Waste minimisation is not an additional part of recycling. It is about prevention - not producing the waste in the first place.
If businesses reduce waste, their process becomes more efficient. This will reduce costs and can make individual businesses more competitive.
Envirowise suggest that businesses across a range of industries can save 4% to 5% of turnover by taking steps to minimise waste.
There are many ways of reducing waste.
Here are a few simple examples to minimise waste paper in offices:
- create, read or review documents on your computer screen
- before printing multiple copies, print a single copy and check this copy for errors
- if you have to print out draft documents, use a small font or the 'shrink to fit' or zoom option available with many software packages
- print only when you really have to
- store data and reports on memory sticks or in cloud storage to save on paper copies
- use both sides of the paper when printing and photocopying
- staple scrap pieces of paper together to make a notepad instead of using new notebooks for rough notes
- keep a copy of A4 scrap paper next to the printer and photocopier for rough or trial copies
- use the smallest piece of paper possible for the job
- photocopy A3 to A4 if possible
- use staple free staplers to reduce use of metal staples
- send email memos instead of sending paper copies
- cancel unwanted subscriptions to avoid paper wastage
- buy only what you need - think of stock control and how to streamline processes across departments
- ask your staff to 'think before they throw' - someone else may want to use it
Waste minimisation should be a long term business practice.
Reuse is when you can use an item again without going through the recycling process. For example:
- reuse files and folders
- reuse envelopes (can be used for internal mail in larger organisations) or use a 'multi address sheet' to prolong the life of internal envelopes
- reuse padded postal bags (add a new address label)
- shredded paper and newspapers can be reused for packaging
- re-fill toner and inkjet cartridges
- use waste paper as note paper
- use cups, mugs and glasses rather than disposable plastic and paper cups
There are ways in which you can reuse items, for example donating to charity shops.
Some charity shops accept printer inkjet cartridges and mobile phones.
You can pick a charity and recycle the company's phones. The charity can receive a small amount of money in return.
They may be able to get you a box to collect phones and inkjet cartridges or can arrange pick up for more than 20 phones. Information is available on charity websites.
You may be able to donate old office furniture to a charity, sell on an online auction website or app, over social media or use Freecycle.
Check if your waste is useful to another business. For example, if you produce wood off cuts from your business this may be of use to someone who uses a wood burning stove.

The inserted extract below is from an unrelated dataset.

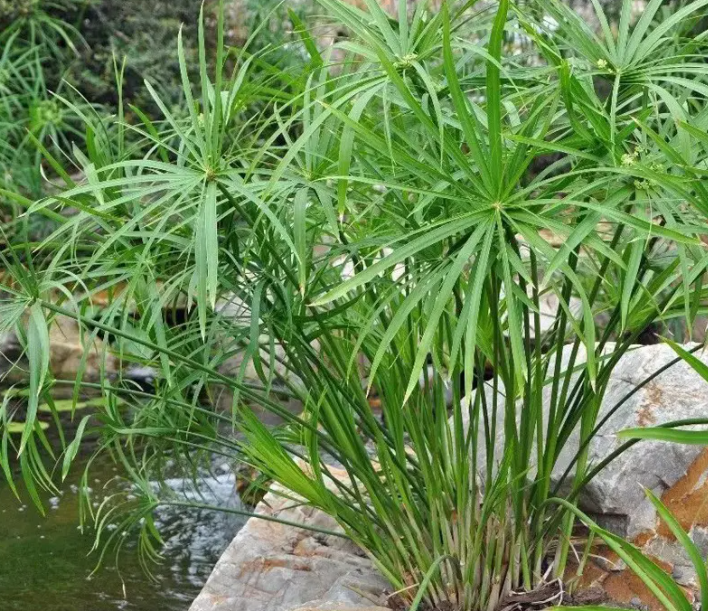 水竹好养活吗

The number of organisations that offer recycling for businesses is growing.
Your current waste collection company will be able to tell you whether they offer separate collections for any of your specific wastes.

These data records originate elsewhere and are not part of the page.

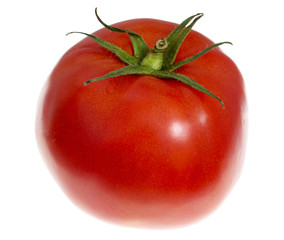 red tomato white background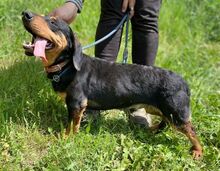 GORO, Hund, Dackel-Mix in Slowakische Republik - Bild 5
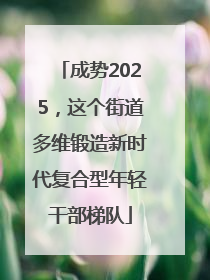 成势2025，这个街道多维锻造新时代复合型年轻干部梯队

Your local council may offer recycling as well as general waste collection services.
Your local council may be able to offer a collection of your compostable wastes such as kitchen food products and garden waste.

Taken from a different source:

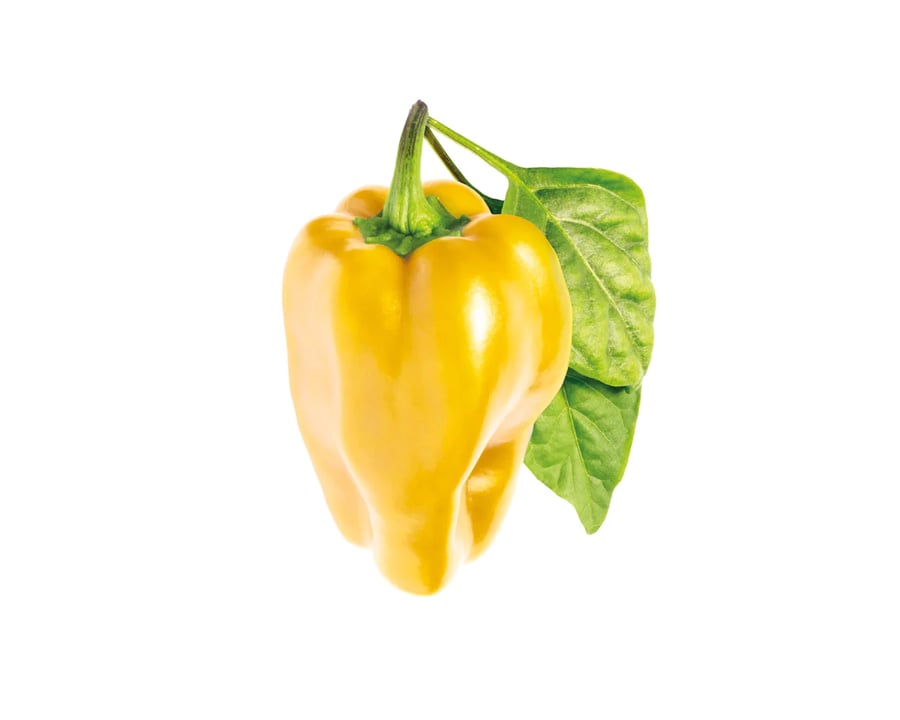 Click and Grow Smart Garden Áfylling 3-pack - Gul sæt paprika (Yellow Sweet Peppers)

If you generate small quantities of compostable waste and wish to turn it into compost you could buy your own home composter or wormery. You can get these online or at DIY and garden centres.
For more information on composters go to Recycle now.
Benefits of reducing and reusing waste
Reducing, reusing and recycling at work is easy to do. It's easy to use less, reuse what you can and separate out materials to recycle from your other waste. All you have to do is get a good system in place.
It saves money
Managing waste poorly costs money. By reducing and reusing your waste you could significantly lessen your waste disposal costs.
It saves space and can reduce clutter
Reducing, reusing and recycling often clears clutter and improves the working environment. Less clutter also makes your workplace safer.
It's good for the environment
By minimising waste you are reducing the amount of raw materials and the environmental impact of your business.
It's good for public relations
Good waste management is good for business. Promoting yourself positively to customers, clients and staff as being an environmentally responsible company can only be good, however negative publicity through lack of compliance or illegal dumping can only be bad.
It feels good
The feel good factor is undeniable. Ask your staff if they would like to do their bit, we are sure you will be encouraged by the response.
Fulfil your legal obligations
Through environmental legislation, producers of waste are ultimately responsible for its disposal, so you need to know and be able to document where your waste is going – be it recycling, composting, incineration or landfill.